In ultimo, è noto che l’alcol può avere effetti anche sulla struttura atriale. Nei pazienti sottoposti a isolamento delle vene polmonari come trattamento di una fibrillazione atriale parossistica, un consumo giornaliero di alcol è risultato un predittore indipendente di fibrosi atriale, con una probabilità di bassi voltaggi regionali del 10% superiore per ogni drink consumato (19). L’alcol, infine, può compromettere l’accoppiamento eccitazione-contrazione del muscolo cardiaco, inibire il rilascio di calcio dal reticolo sarcoplasmatico e causare stress ossidativo, danno proteico e perossidazione lipica (20).

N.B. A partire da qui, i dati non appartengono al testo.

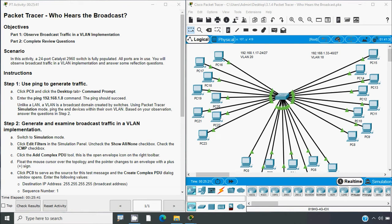Hi friends, welcome. In this video we are going to discuss CCNA version 7 Packet Tracer activity 'Who Hears the Broadcast.' If you are watching our channel for the first time or would like to get these types of technical videos in future, consider subscribing and enable the Bell icon so you get notifications whenever we upload a new video. You can also visit our website link in the description below.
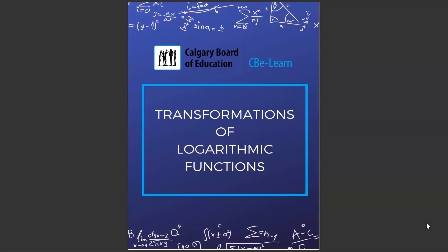Hey, mathletes. Welcome to this video. What we're going to look at here is we're going to talk about the transformations of logarithmic functions.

Astinenza da alcol e rischio di fibrillazione atriale

Alla luce di questi dati è naturale chiedersi se l’astinenza alcol possa avere un effetto protettivo nei confronti di questa aritmia. L’ipotesi è stata presa in esame da uno trial randomizzato pubblicato lo scorso anno sul New England Journal of Medicine. Nello specifico sono stati reclutati 140 pazienti con un consumo medio di 10 o più drink a settimana e una diagnosi di fibrillazione atriale parossistica o persistente, i quali sono stati divisi in due gruppi: uno in cui veniva chiesto di astenersi dall’alcol e l’altro in cui veniva detto ai soggetti di continuare il loro consumo abituale. Dai risultati a sei mesi è emerso che i soggetti che si erano astenuti dal bere alcoli erano andati incontro a un tasso di recidive della fibrillazione atriale significativamente minore (21).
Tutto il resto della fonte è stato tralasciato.